Someone watching during the first half would have their head would spin from the speed with which the teams alternated getting the ball past each other’s goal lines. When one team scored, the other would swoop in and snag a try immediately after. They stayed at each other’s heels, one team then the other- toe to toe like a great boxing match for the entire first two quarters.
“Canada plays a really tough, aggressive form of defense, and so we’ve got to weather that too and I thought we did a better job in the second half doing that. First half, maybe we weren’t ready for it,” said team co-captain Joe Delagrave.
It wasn’t until the second half that they were able to “widen the gap,” as Delagrave put it.
Canada’s Zak Madell gave the U.S. a run for its money with 31 tries, one more than Aoki scored during the match.
“[Us and Canada] know each other really, really well, and so it’s like, who is gonna execute?” said Delagrave.
“Know each other well” may even be an understatement when referring to USA and Canada in wheelchair rugby.
The history behind the deep-rooted rivalry between the U.S. and Canadian teams is a long and complicated one, but also one that has evolved throughout the years and taken on a friendlier tone than the days of 2005 documentary film “Murderball.”

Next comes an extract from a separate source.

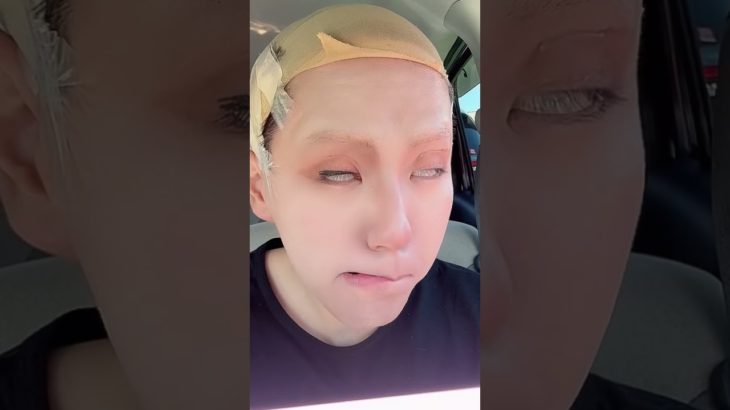 【カリスマ】伊藤ふみやのメイク様子をカリスマバージョン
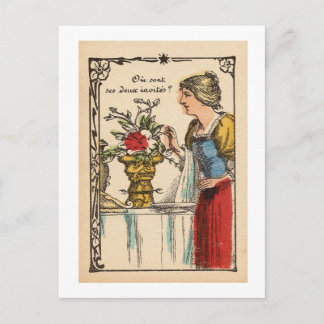 Copa de Rubin II / Rubin Vase II Postkarte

“Canada is a phenomenal opponent, they brought their A-game, and to get a win in such a challenging game like that is awesome,” Aoki said. “We were kind of letting them dictate the pace, them dictate the flow of the game, and so it was a little frustrating, but I thought we did a nice job of settling down in the second quarter, and in the third and the fourth, and really taking control of the initiative.”
Having to go up against fearsome competitors day after day must be exhausting, but the team maintains their adrenaline to come out on top.

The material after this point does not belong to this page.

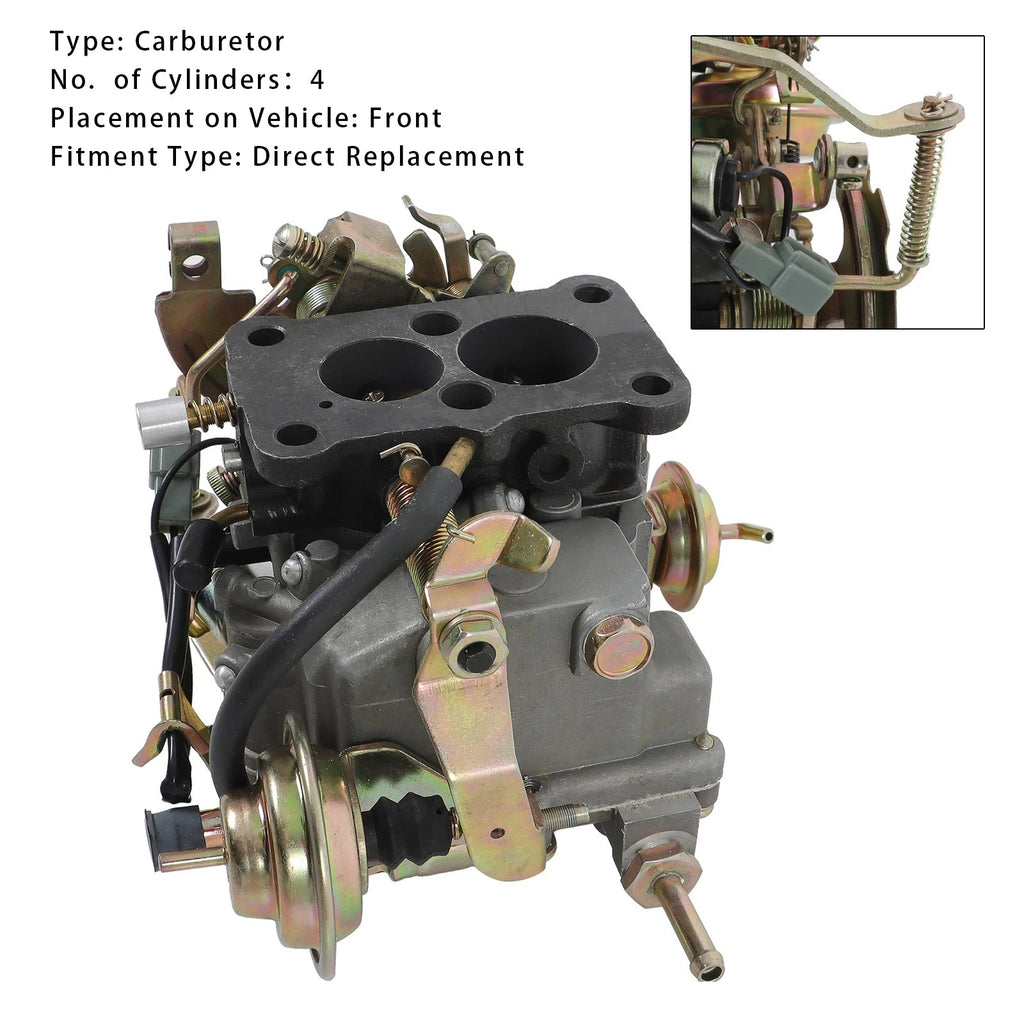 1984-1990 Toyota TOYOTA Starlet Carburetor Carb 21100-11190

“We just keep the energy up all the way through. . . A lot of the guys have natural high levels of energy. I like to recover a lot, get a lot of rest and recovery, and be prepared to come out the next day hard,” said Joshua Wheeler.

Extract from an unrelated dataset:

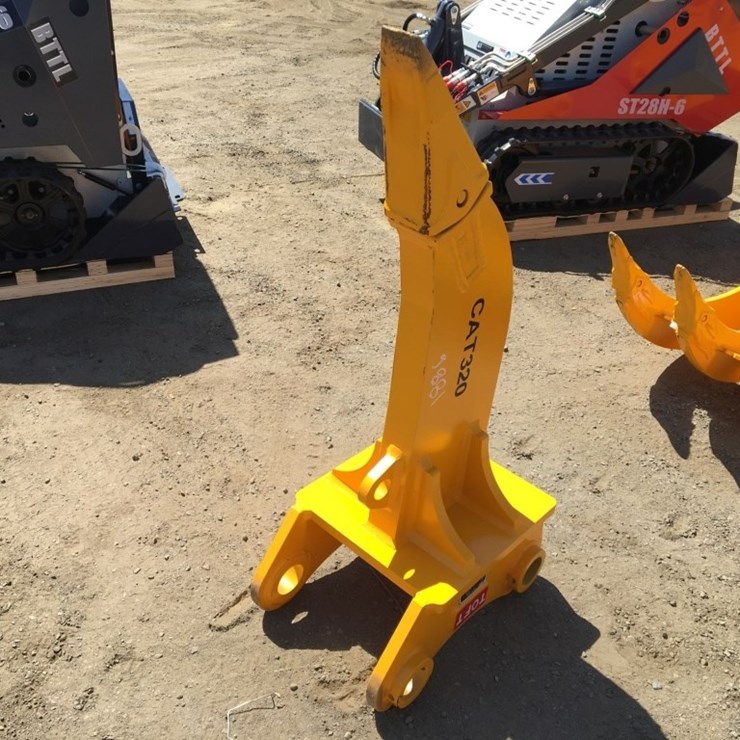 Unused 2025 TOFT 08ER Ripper Attachment,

The team had to switch jerseys in the halftime due to visibility issues; USA and Canada were both outfitted in black, making it difficult for referees and the audience to tell them apart. They re-emerged in white, and Delagrave joked that they were like “The Mighty Ducks 2.”
They all seemed in good spirits after having won their second preliminary match, and none of them expressed having had even a moment of doubt in their ability to win the game.
“I was pretty confident the whole way though. Even when we were down by three, whenever that was, I was pretty confident that we were gonna bring it back,” said Wheeler.
And bring it back they did. All the way back past Canada’s goal line for the winning score.
The team’s last gold medal was in Beijing in 2008; They lost to Australia in a match for gold at the 2016 Rio Paralympics. This might just be their chance for a rematch.
“We took a lot of hits today and we came out on top, so I think it will give our team a lot of confidence knowing that whatever adversity we face in the next few days, we’ll be able to fight through it and hopefully come out on top again,” Aoki said.
U.S. Head Coach James Gumbert also feels that the team is ready to face any challenge.
“We are sharp (and) I feel very confident about our ability to go out and play with anybody in this tournament,” said Gumbert.
For team Canada it will be a tough battle to the next round as it stands now. Canada sits at the bottom of the pool with New Zealand, Great Britain, and The United States above them in that order. With the win, the United States finds a place in the next round.
The United States next plays Great Britain, finishing off Pool play on August 27th at 20:30 local time, (4:30 AM EST).